Studio’s continued impressive sales performance in H120, despite the resumption of competitor trading on the high street, leads management to expect PBT from continuing operations (excluding Education) for FY21 will be ahead of its own internal expectations (there is no external management guidance). The company has a strong comparator for the upcoming key trading period to December, therefore the growth rate is likely to moderate. Its long-term targets of three million customers (versus current 2.1 million) and revenue of £1bn (versus FY20 revenue of £434.9m) as the shift to online retail continues suggests an attractive medium-term growth profile.
The breakdown of Studio’s Product sales growth of 39% y-o-y for the first 26 weeks of FY21 highlighted a re-acceleration in growth in recent weeks (first 11 weeks 55%, next nine weeks 27% and final six weeks of 30%). The growth continues to be driven by the appealing combination of expansion in active customers (+15% y-o-y to 2.1 million) and spend per customer, which are consistent with the long-term strategy. As the company approaches the key third-quarter trading period, the strong sales performance to date and management of ranges would suggest margin risk is more limited.

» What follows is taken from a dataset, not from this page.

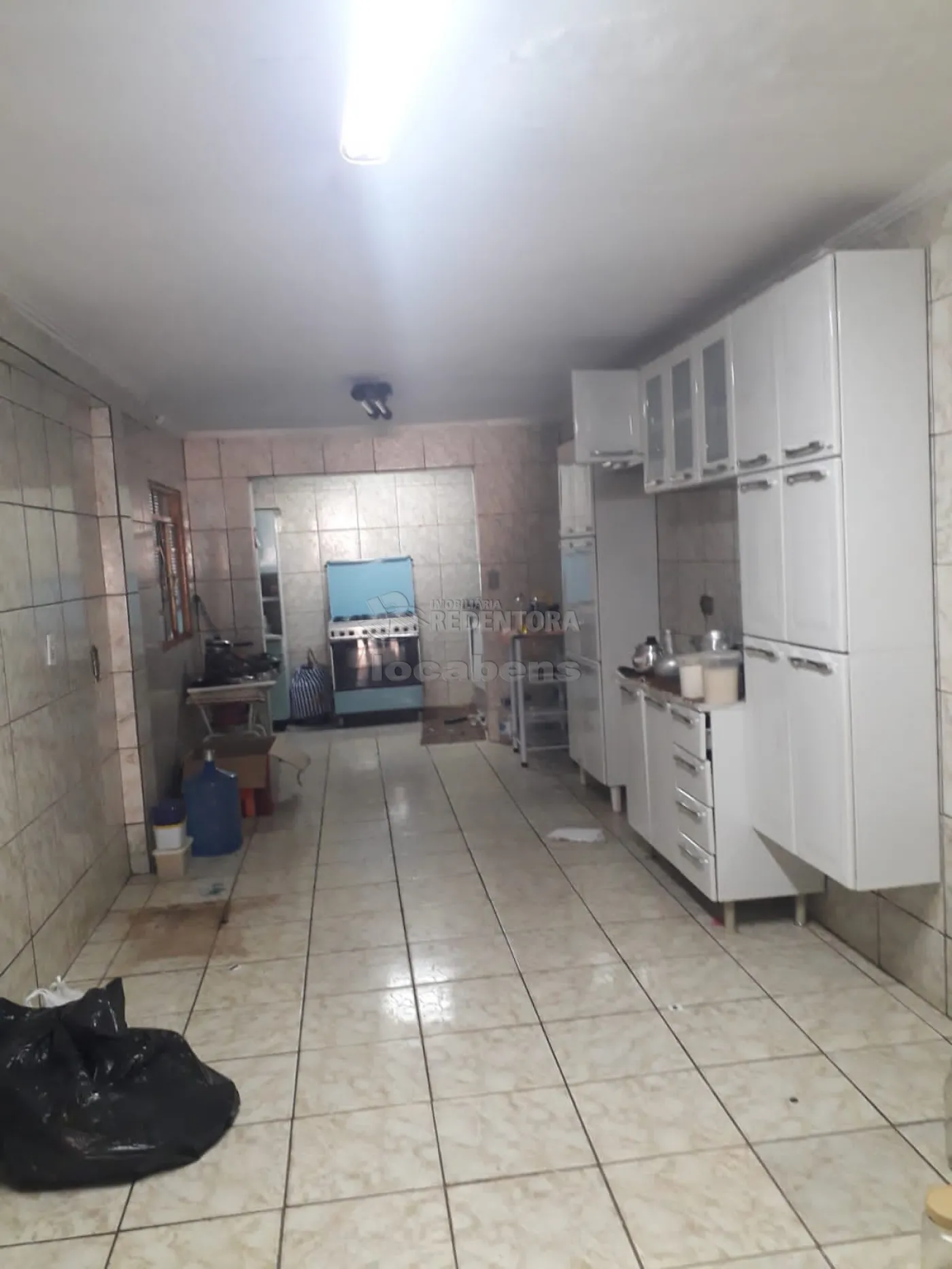 Comprar Casa / Padrão em São José do Rio Preto apenas R$ 280.000,00 - Foto 5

Financial Services revenue growth (+5.5%) continues to lag Product revenue growth due to management’s initiatives, namely, investment in data and technology, to become a more responsible borrower, which have held back the growth in credit customers. The one-off dampening effect is likely to diminish through the remainder of the year. It is somewhat encouraging that the economic shock from COVID-19 has yet to affect collections, but management has already prudently made a provision of £20m for incremental bad debts that may emerge as the macroeconomic environment is likely to deteriorate.
The re-opening of schools has led to more encouraging trading for Education, for which sales have returned to more typical levels. The longstop date for the proposed sale of Education has been extended to the end of October, while the CMA completes its Phase 2 review.
The financial position is unquantified but the strong revenue growth and no deterioration in collections has led to an improved position versus levels that are typical of this time of year.